Post Mon, Sep 14 2009, 11:54 am
amother wrote:
the issue is that there is sometimes tension between certain groups, like MO and Yeshivish. Where a MO person might think that the yeshivish person thinks they're practically a [gentile] because they don't cover their hair fully, etc., even when it isn't actually the case.


I agree completely that the etiquette issue is a result of tensions between various groups. Here's what has never made sense to me, though: let's say you are MO; you have your yeshivas, rabbonim, poskim, etc. You ask your shailos to them and abide by their decisions. Some of those decisions may be different from similar decisions reached by the poskim of other groups. But if you are genuine in your attempt to follow your mesorah, it shouldn't be upsetting in any way to learn that other poskim have ruled differently about a specific issue. And obviously, as a guest, you would respect the practices of your hosts.

Of course, there will be loonies who may insult your derech or treat you differently because of it, but again, if you are genuinely following your mesorah, you won't be defensive -- you'll just chalk it up to bad middos and move on.

I seem to have encountered a lot of people who are constantly on the defensive against people whom they perceive to be "frummer" than they. Sometimes it's a Yeshivish/MO conflict; sometimes it's a Chassidish/Yeshivish conflict; occasionally it's a Sephardi/Ashkenazic conflict. But the best way to foster respect for your own derech is to simply follow it, explaining to anyone who asks that your rav/posek has made thus-and-such decision, and that's what you follow. No pitting posek against posek; no arguing source against source -- let the poskim and gedolim hash it out in the beis medrash!

In general, people will come to respect you if you are consistent and calmly methodical in your practices, even if they disagree with your derech. Would a Sephardi guest at my home during Pesach be "offended" if I didn't offer him rice? I very much doubt it.
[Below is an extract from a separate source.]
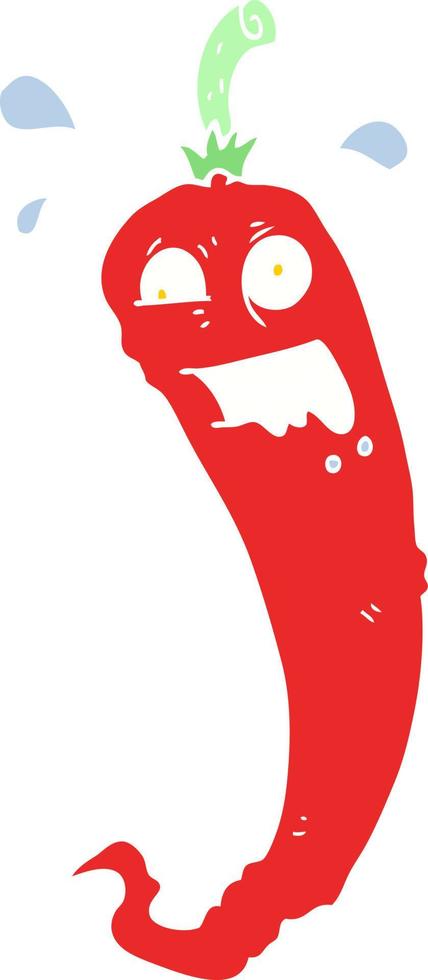 hot chilli pepper flat color illustration of a cartoon vector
He would realize that his poskim allow rice, but mine do not. Nothing personal! If rice during Pesach is so important to him, he can stay home or go to Sephardi hosts.

As other posters have said, Entropy's approach seems best. But try not to allow the surrounding cultural issues (e.g., the role of women, etc.) to intrude into your thinking. It's not our job to evaluate the credentials of various poskim or their legitimacy. And if you present it as Entropy suggested and your guest is still offended, the problem lies with her own security in her derech, not anything you've done.